The secret to understanding the next step was to realize that the air that runs through the pitot and static lines really doesn't care what it is being used for; a tube is a tube is a tube. With that in mind, it's perfectly reasonable that the original tube that was carrying static pressure data from back to front will work equally as well as a tube carrying pitot data from front to back. All that has to happen to make that work is to connect the through-firewall tube to the old static tube up in the avionics bay. Now you have one long pitot tube running from the very tip of the front of the plane all the way back to the tail with hardly any effort at all!

There is one other change needed. That long pitot tube is still attached to the two static tubes at the T fitting in back. It needs to be removed.

That leaves two static lines (one on each side of the plane) in a bit of a mess. That's fixed by yanking out the short static line on the left side and replacing it with a longer one. That new longer tube will meet up with the right side tube up in the area where the air data computer will live. The two tubes get put back into the T fitting, and a third tube comes from the T fitting up to the input on the computer. That causes the left and right static pressures to be averaged before going into the computer.

So, two new tubes cut to length, the old static tube yanked out, new static tube cut to length, and another little tiny length of plastic tube that will be used to join the thin static tube to the thicker white tube that will plug into the computer.

This is the T fitting that will average the two static sources into the tube that goes to the computer:

The tubes get heated to make them expand enough to fit onto the nipple of the T fitting. More noisy hot air!!

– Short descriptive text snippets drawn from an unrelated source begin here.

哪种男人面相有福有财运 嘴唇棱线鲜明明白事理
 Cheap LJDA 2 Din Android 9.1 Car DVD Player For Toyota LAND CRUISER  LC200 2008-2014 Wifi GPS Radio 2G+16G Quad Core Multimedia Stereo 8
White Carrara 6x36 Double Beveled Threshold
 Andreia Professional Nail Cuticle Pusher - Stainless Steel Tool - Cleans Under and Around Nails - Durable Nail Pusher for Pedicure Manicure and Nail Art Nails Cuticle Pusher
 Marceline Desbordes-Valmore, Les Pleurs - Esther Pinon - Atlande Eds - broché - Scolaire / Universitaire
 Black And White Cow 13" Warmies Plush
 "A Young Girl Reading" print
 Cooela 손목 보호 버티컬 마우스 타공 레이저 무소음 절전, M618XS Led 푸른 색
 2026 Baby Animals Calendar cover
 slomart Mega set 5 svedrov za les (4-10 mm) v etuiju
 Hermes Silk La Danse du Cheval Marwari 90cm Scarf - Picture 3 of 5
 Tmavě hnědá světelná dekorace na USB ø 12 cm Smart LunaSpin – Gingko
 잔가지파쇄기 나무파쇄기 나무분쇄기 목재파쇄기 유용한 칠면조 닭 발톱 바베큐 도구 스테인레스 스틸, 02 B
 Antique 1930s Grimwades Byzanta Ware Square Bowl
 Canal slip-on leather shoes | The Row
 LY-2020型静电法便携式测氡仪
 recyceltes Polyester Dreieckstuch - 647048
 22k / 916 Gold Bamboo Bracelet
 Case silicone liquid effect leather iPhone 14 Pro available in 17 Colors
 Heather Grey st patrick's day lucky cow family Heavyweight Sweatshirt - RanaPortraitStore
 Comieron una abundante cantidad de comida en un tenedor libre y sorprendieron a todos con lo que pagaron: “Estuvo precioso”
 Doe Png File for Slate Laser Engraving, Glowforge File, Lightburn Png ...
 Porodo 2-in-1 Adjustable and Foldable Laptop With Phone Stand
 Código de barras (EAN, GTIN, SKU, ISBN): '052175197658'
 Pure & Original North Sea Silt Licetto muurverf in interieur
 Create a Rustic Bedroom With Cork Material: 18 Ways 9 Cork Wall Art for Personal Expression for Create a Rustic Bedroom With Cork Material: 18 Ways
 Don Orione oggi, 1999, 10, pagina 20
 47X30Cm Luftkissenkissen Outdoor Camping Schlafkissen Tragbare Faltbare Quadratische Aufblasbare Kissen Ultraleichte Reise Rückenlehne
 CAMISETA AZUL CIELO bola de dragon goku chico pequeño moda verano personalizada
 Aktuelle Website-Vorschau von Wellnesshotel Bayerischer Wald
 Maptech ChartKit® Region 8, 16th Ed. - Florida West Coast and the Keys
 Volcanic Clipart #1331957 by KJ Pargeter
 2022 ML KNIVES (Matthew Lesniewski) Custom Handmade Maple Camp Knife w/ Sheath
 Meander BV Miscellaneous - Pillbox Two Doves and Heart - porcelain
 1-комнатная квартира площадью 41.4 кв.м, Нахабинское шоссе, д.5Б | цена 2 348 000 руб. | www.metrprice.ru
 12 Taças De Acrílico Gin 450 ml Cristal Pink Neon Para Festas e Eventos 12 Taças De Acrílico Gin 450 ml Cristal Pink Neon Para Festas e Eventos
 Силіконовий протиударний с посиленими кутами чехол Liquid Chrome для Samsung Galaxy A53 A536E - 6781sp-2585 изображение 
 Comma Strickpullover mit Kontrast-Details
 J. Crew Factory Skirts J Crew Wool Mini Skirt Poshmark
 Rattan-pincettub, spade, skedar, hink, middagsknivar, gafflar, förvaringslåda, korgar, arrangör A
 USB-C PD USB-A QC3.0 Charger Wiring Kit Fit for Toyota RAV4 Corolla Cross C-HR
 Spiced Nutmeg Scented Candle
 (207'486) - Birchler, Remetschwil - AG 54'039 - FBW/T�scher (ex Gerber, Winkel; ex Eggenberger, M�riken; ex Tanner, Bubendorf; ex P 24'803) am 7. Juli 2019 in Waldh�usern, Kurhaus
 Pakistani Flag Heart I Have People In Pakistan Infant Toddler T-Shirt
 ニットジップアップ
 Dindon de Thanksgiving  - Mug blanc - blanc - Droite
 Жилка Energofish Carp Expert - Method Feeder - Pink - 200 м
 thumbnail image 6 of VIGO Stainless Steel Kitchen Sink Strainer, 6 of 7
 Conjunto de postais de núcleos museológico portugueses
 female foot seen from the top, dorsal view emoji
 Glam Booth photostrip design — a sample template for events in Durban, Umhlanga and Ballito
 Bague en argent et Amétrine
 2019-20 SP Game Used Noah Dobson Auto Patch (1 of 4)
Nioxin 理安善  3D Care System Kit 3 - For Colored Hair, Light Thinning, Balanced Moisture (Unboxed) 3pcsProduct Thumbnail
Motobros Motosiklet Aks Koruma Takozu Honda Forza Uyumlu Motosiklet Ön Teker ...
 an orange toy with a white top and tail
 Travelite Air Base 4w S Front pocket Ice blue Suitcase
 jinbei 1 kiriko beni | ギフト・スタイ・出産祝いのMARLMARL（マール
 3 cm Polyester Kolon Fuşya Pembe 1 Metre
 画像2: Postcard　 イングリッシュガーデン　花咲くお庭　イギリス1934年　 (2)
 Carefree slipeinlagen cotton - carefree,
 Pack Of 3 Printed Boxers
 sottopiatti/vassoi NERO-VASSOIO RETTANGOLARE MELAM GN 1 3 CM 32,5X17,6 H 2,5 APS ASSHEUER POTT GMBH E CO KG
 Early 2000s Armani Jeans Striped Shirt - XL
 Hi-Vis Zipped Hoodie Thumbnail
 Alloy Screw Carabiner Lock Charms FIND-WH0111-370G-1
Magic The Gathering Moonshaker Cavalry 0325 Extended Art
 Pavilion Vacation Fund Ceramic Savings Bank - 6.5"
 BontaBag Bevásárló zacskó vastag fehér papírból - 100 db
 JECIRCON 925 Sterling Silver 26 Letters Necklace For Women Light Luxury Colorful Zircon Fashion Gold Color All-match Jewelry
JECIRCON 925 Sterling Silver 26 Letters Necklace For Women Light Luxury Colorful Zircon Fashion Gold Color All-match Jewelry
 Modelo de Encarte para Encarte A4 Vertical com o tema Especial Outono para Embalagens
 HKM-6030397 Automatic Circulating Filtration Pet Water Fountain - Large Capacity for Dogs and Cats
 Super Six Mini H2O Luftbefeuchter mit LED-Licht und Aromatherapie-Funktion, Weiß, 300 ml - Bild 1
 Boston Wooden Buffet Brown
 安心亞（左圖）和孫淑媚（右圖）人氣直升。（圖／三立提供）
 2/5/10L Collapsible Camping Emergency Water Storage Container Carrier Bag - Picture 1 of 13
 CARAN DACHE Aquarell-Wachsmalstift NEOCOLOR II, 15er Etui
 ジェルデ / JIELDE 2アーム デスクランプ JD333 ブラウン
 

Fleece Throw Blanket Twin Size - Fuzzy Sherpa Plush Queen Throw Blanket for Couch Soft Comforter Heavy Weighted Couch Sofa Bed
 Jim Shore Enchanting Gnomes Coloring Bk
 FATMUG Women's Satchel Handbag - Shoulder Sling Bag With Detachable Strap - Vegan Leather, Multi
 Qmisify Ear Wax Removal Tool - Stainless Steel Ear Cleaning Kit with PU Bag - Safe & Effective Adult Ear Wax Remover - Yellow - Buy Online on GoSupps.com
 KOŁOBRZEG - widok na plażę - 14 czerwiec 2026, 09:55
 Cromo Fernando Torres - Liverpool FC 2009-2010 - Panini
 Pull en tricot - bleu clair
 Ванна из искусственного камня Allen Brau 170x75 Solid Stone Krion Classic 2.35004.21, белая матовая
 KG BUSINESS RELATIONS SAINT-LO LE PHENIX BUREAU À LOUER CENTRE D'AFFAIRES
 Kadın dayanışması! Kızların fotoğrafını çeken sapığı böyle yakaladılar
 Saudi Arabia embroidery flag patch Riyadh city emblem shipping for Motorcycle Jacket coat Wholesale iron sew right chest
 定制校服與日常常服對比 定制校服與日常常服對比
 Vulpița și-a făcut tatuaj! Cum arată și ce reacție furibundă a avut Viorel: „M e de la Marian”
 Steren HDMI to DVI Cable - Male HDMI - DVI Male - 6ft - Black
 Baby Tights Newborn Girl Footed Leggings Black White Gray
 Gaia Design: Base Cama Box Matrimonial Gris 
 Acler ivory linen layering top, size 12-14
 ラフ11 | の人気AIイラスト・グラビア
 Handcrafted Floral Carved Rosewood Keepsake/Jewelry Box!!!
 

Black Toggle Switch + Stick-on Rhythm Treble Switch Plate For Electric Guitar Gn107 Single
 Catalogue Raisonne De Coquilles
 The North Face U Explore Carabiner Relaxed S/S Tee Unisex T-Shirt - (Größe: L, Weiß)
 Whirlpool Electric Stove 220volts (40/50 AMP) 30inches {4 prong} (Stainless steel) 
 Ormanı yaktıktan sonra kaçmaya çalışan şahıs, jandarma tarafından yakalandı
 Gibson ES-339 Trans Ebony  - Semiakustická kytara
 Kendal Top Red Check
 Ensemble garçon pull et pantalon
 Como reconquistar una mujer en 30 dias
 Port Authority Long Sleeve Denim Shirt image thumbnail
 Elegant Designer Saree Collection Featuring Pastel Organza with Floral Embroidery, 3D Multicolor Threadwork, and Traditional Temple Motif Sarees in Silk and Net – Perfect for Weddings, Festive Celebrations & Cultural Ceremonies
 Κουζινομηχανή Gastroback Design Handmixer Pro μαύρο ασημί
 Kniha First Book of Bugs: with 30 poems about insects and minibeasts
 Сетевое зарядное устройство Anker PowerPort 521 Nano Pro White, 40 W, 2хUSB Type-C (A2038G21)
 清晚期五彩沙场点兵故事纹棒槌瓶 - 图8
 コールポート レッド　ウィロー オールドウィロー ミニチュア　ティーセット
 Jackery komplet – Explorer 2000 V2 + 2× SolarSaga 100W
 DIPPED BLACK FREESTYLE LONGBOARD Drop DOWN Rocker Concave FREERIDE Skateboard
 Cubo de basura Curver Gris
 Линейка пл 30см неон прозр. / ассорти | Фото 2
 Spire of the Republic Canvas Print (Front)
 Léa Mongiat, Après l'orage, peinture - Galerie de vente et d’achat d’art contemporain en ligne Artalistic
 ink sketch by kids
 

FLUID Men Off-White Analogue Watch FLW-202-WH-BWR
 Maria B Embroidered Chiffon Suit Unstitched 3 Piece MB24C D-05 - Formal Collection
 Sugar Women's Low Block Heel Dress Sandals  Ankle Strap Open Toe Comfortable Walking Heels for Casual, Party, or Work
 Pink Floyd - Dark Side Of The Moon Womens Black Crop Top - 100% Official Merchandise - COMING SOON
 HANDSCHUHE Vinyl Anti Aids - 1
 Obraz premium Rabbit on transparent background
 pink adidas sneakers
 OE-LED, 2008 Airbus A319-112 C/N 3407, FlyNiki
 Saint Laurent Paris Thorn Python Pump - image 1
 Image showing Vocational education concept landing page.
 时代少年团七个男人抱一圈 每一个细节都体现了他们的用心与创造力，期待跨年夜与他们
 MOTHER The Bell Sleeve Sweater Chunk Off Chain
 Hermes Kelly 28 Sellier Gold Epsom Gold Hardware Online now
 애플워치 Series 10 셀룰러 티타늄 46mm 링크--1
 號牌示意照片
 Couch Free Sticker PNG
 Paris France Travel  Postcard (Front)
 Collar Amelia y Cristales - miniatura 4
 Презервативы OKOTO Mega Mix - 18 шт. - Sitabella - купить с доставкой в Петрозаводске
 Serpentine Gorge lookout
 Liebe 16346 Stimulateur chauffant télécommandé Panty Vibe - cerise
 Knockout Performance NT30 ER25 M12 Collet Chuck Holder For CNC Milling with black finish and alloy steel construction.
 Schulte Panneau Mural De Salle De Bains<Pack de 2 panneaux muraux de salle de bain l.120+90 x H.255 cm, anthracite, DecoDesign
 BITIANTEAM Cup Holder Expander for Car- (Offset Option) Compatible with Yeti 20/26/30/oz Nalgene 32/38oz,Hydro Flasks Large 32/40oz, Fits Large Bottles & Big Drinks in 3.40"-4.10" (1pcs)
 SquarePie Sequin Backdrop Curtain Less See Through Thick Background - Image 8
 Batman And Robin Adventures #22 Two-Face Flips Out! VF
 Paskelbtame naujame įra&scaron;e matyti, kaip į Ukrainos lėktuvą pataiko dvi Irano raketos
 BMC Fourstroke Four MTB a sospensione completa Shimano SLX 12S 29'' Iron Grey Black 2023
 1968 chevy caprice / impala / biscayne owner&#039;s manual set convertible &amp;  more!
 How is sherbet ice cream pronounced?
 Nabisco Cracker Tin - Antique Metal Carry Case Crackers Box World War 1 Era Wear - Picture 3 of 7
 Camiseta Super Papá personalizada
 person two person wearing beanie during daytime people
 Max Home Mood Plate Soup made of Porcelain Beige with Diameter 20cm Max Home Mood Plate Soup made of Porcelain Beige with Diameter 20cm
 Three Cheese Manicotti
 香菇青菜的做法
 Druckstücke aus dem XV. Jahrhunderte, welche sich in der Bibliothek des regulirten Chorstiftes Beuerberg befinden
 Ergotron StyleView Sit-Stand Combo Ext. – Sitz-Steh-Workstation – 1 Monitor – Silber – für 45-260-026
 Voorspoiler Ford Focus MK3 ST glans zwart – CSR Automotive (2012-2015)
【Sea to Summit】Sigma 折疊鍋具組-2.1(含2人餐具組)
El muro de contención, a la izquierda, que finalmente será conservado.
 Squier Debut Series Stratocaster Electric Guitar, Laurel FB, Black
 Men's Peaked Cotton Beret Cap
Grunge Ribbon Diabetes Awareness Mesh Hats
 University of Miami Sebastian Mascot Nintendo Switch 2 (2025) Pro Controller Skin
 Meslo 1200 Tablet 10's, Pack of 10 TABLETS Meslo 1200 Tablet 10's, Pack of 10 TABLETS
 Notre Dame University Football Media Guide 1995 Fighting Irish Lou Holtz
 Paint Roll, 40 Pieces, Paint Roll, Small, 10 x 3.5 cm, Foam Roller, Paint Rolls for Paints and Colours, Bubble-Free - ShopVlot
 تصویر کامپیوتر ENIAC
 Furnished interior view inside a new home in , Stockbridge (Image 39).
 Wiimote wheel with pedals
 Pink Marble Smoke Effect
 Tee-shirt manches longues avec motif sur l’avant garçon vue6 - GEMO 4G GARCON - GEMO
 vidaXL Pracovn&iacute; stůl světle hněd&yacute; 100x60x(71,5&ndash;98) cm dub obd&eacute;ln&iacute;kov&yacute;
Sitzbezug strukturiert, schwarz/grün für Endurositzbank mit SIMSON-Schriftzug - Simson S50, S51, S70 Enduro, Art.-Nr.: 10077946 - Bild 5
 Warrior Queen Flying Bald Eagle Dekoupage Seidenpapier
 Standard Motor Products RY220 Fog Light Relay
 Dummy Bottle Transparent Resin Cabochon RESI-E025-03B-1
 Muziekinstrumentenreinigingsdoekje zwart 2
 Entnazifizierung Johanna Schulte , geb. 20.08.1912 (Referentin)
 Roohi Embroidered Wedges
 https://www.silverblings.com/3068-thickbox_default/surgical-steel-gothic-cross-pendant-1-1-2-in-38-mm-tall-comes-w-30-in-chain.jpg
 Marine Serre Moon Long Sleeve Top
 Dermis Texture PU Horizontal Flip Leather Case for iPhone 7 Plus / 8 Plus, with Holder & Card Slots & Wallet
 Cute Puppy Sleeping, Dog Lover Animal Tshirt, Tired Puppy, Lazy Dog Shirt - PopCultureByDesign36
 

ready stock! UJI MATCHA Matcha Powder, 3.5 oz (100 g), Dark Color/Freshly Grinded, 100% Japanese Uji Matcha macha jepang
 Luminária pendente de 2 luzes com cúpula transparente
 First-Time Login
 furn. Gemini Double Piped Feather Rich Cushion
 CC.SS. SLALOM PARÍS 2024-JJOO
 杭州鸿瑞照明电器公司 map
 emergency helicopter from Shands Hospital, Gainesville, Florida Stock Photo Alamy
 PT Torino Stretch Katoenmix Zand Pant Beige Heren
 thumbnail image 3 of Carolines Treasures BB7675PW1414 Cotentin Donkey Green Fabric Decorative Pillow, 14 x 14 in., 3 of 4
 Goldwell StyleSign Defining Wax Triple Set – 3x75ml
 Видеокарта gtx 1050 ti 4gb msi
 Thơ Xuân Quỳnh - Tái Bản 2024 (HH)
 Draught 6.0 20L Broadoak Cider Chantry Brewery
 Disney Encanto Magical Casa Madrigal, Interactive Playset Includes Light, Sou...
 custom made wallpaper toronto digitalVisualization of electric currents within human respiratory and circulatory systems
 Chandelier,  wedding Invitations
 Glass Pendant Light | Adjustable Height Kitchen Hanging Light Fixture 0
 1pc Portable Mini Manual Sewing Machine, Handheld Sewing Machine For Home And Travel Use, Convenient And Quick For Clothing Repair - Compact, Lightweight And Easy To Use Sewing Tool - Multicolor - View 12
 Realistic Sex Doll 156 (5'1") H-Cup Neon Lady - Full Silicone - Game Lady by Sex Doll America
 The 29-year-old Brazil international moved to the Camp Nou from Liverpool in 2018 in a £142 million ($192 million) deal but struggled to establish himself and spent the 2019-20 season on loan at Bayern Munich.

Taa-daaa! Fits to a T. (So to speak)

This is where the fitting will be tie-wrapped into place once the computer is installed.

It is not a comfortable place to work. That's kind of the hallmark of this latest line of work. Very uncomfortable contortions required.

This is the new left side static line attached to the static port. If you're completely lost as to why all of this pitot and static stuff is going on, you can read up on it here.

The new computer is also going to want a bundle of wires run back to it from the avionics bay. This will allow it to compute digital values based on the pitot and static information and transmit them up front to other computers and to the display unit. The holes that currently (heh - electrical current. Get it?) carry electrical wires through the bottom of the cockpit are already full with other wires, so new holes get drilled to handle the additional wires.

There were measurements provided to correctly position the new hole, but it was hard to get down inside there with a ruler to get a precise location marked.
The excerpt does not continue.